25 in 24: The Impossible Journey of 25 Shows in 24 Hours 2018
Distributed by Distributed by Passion River Films, 154 Mt. Bethel Rd., Warren, NJ 07059; 732-321-0711
Produced by Produced by Bobby Anderson and Chad Butler
Directed by Directed by Melody League
DVD, color, 88 min.
College - General Adult
Japan, Popular Culture, Music Trade, Singers
Date Entered: 07/10/2018
Reviewed by: Reviewed by Bryan J. Sajecki, University at Buffalo
25 in 24 is the story of one musician’s incredible dream; performing 25 times in only 24 hours. The dream and vision is that of Jon Foreman, the front man and guitarist from alternative rock band Switchfoot. The idea stemmed from Foreman’s tremendous urge to give back to the world around him and to embrace his local community, one song at a time.
Throughout the film, Foreman displays his healthy obsession with music and finds ways to channel the rock n’ roll chaos to transcend age, race, background, and other boundaries.
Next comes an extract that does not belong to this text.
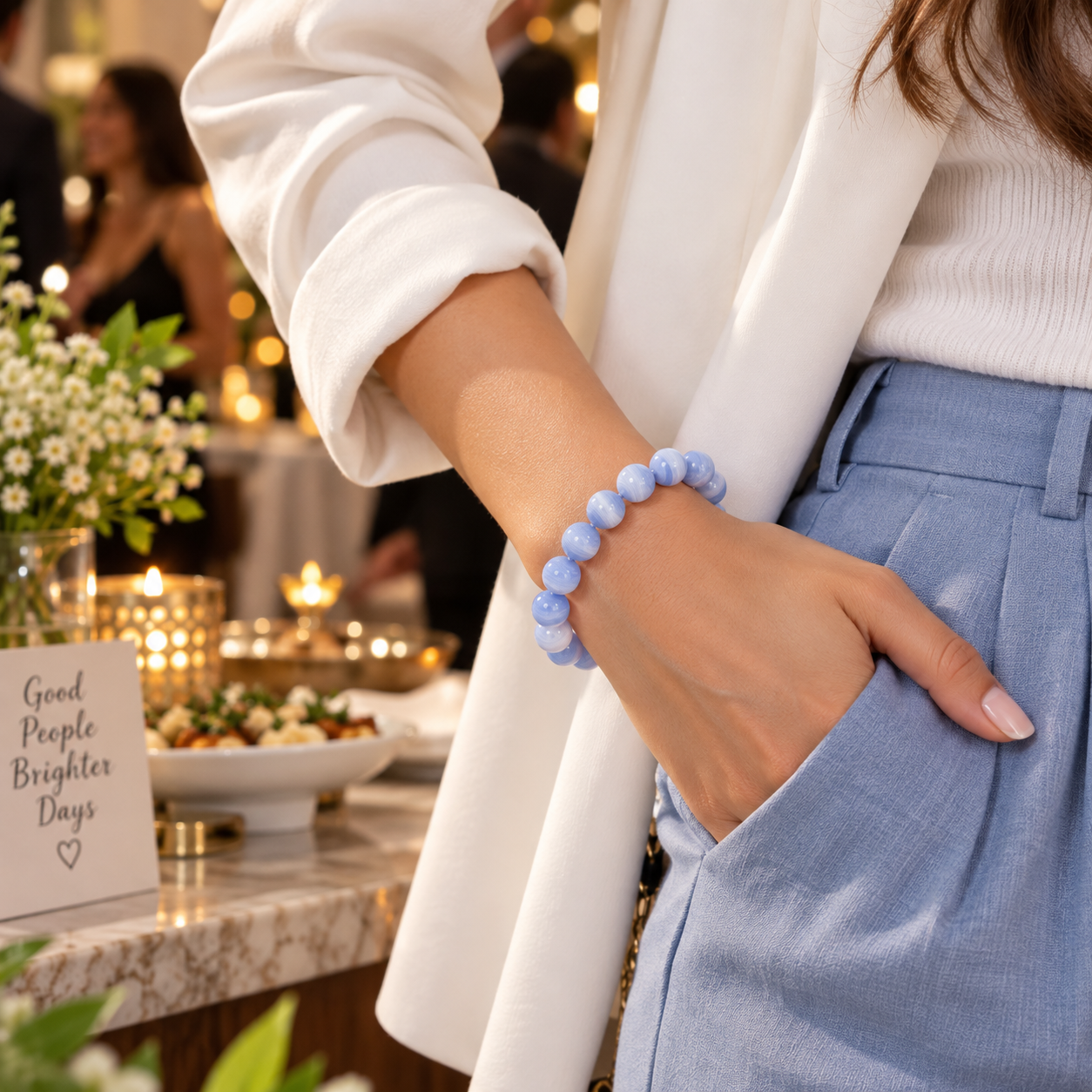 Blue Lace Agate Bracelet - Calmness & Communication
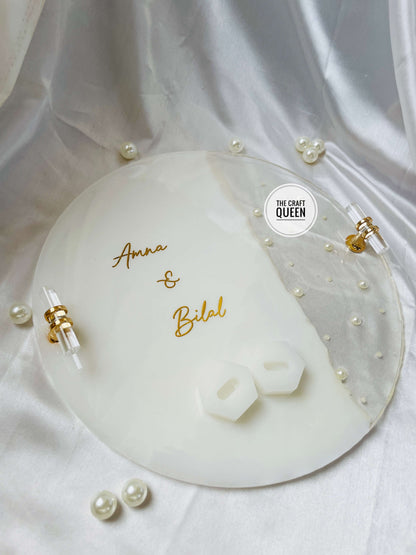 Personalized Wedding Ring Platter | Custom Engagement Ring Holder with Names The Craft Queen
The man is oozing music out of his pores. Alongside his musical talents, his philosophies are marked with inspiration and positivity. The interviews with Foreman tell a story of a person trying to change the world with his ideals. Each venue in San Diego, California where he chose to perform, possesses some personal meaning for him. His bandmates, which are an evolving lineup for each performance, all volunteered their time because of their strong friendships with Jon and their appreciation of his vision.
The film is filled with beautiful shots of the Pacific Oceanside. Since the film takes place through a full day, the lighting changes throughout depending on the setting. The camera shots often employ soft filters and blurs to transition between interviews with the multitude of Foreman’s bandmates, people in the community, and the live performances. The transitions are also accompanied by Foreman’s music, giving each scene a life all its own.
This film will be a great addition to any high school or academic library, as it deals with something that is very easy to relate to—music. Foreman’s ideals regarding reality and using music as an escape are highly poignant. The documentary is as entertaining as it is inspiring, giving the viewer an intimate view into a musician’s mind. It would pair well with popular music classes or even sociological studies.